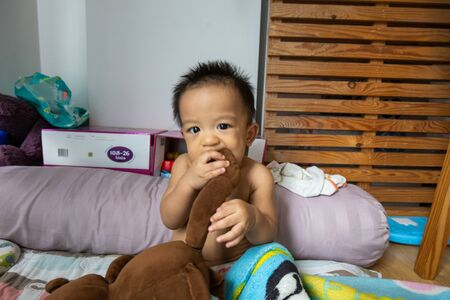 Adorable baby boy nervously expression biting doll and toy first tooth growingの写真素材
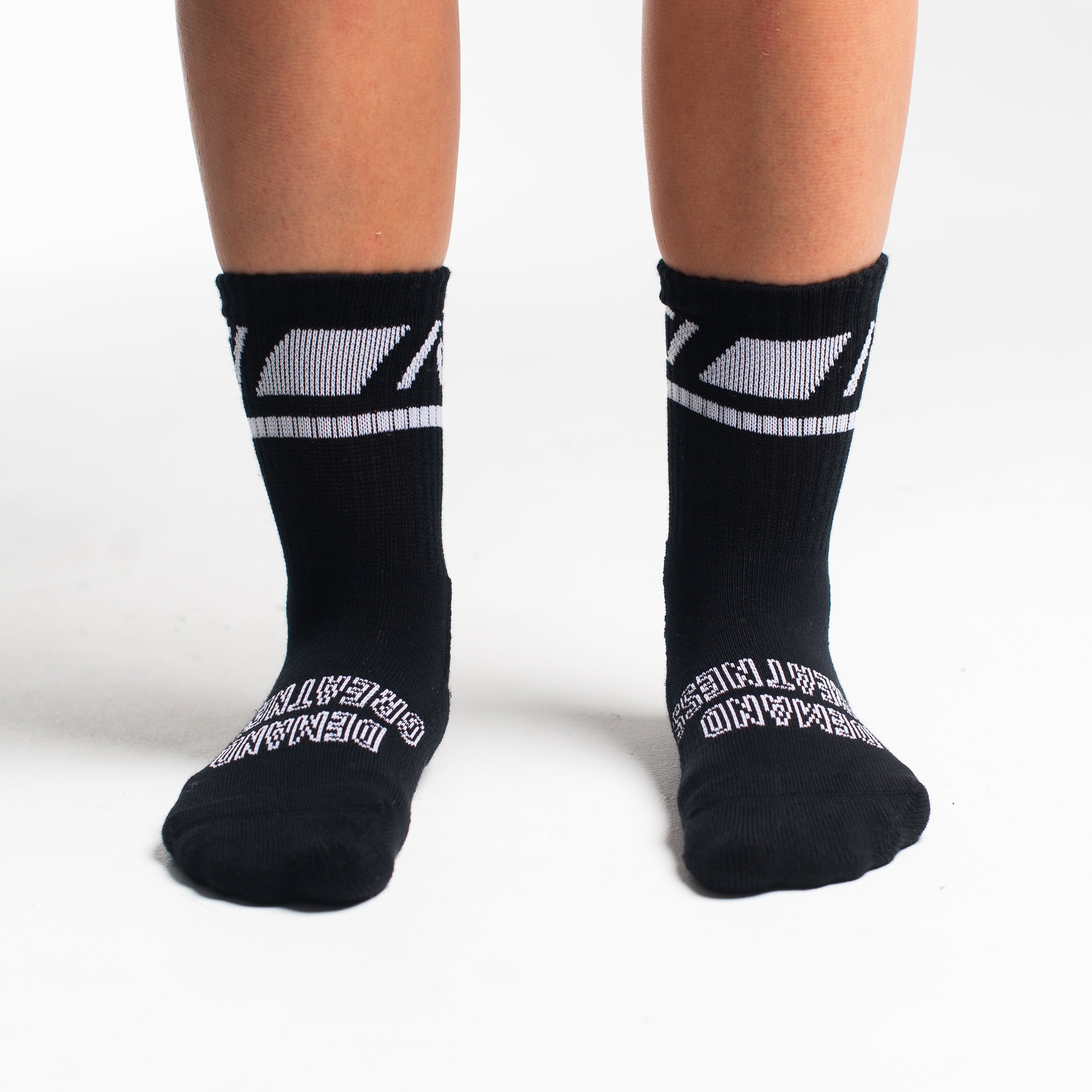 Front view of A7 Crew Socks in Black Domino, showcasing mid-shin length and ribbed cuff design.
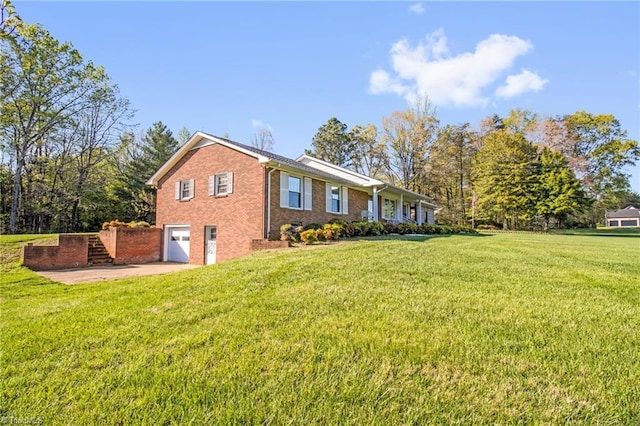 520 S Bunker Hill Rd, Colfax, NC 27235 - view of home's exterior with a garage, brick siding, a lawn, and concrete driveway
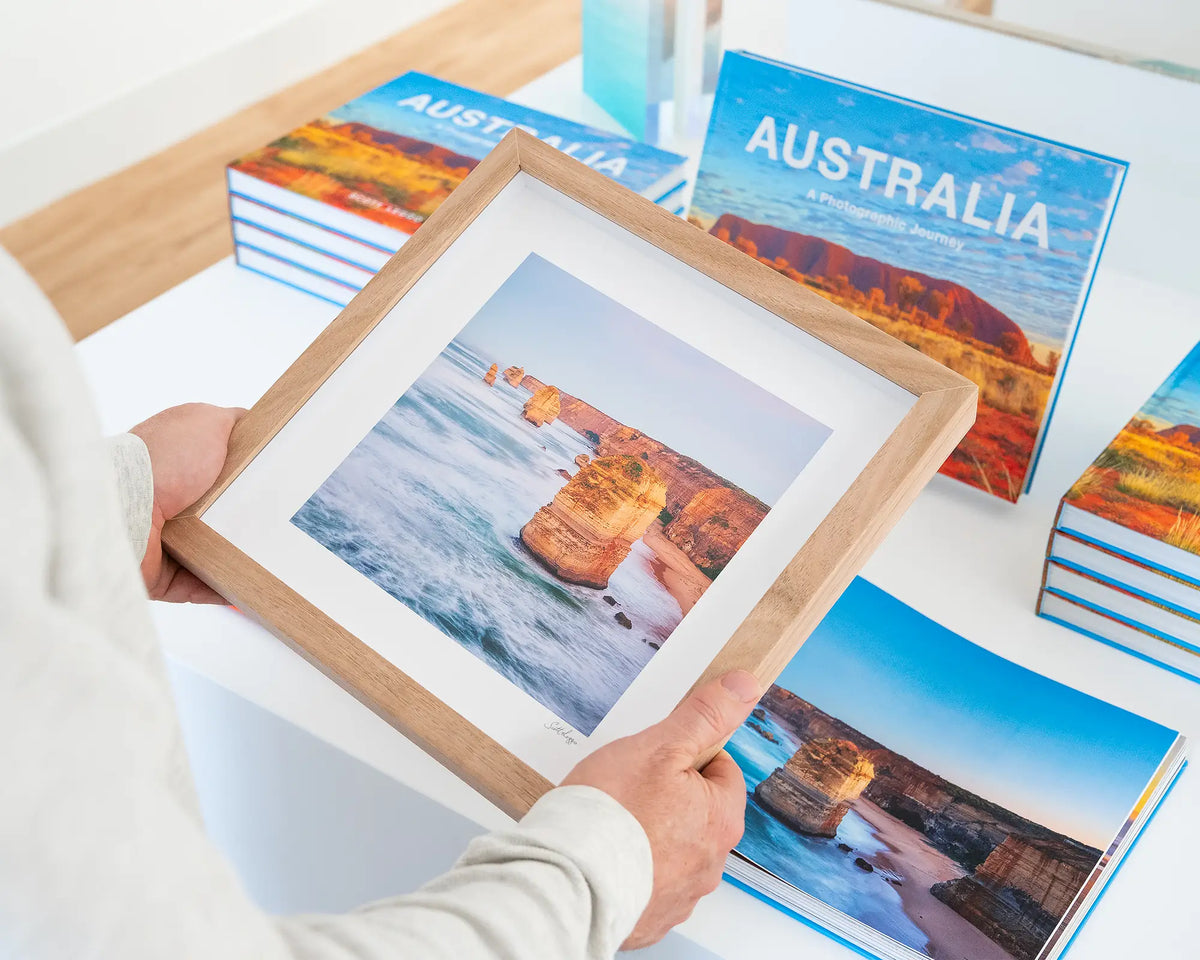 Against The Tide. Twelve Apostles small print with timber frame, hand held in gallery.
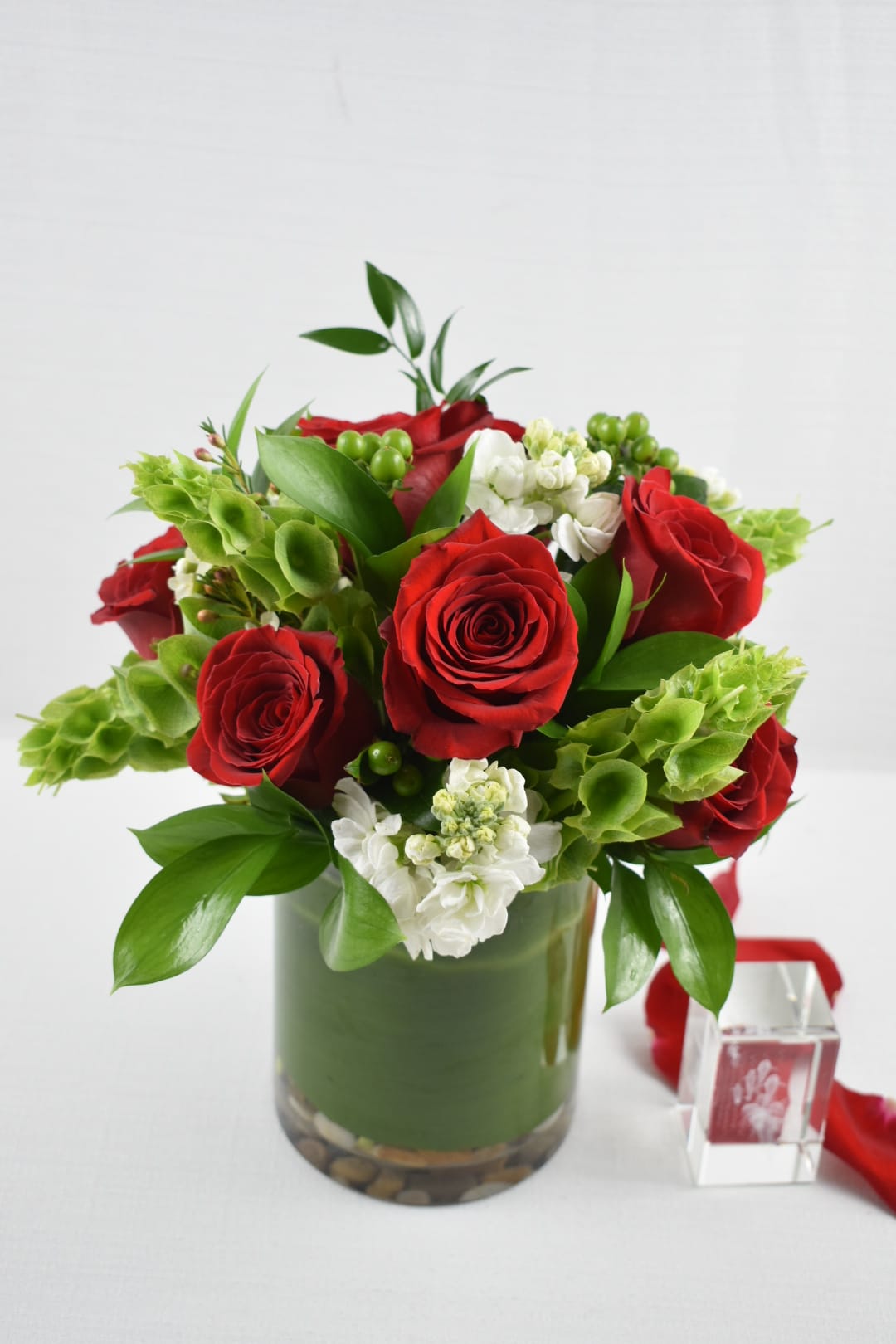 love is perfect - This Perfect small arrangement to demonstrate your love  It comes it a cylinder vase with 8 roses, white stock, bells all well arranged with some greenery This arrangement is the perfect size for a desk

____________________

What you will do
In the entries above, find the line that contains "520 S Bunker" and the line that contains "Against The Tide.". Reproduce exactly those two lines and every line between them, but not the pictures.

The completed task
 520 S Bunker Hill Rd, Colfax, NC 27235 - view of home's exterior with a garage, brick siding, a lawn, and concrete driveway
 Against The Tide. Twelve Apostles small print with timber frame, hand held in gallery.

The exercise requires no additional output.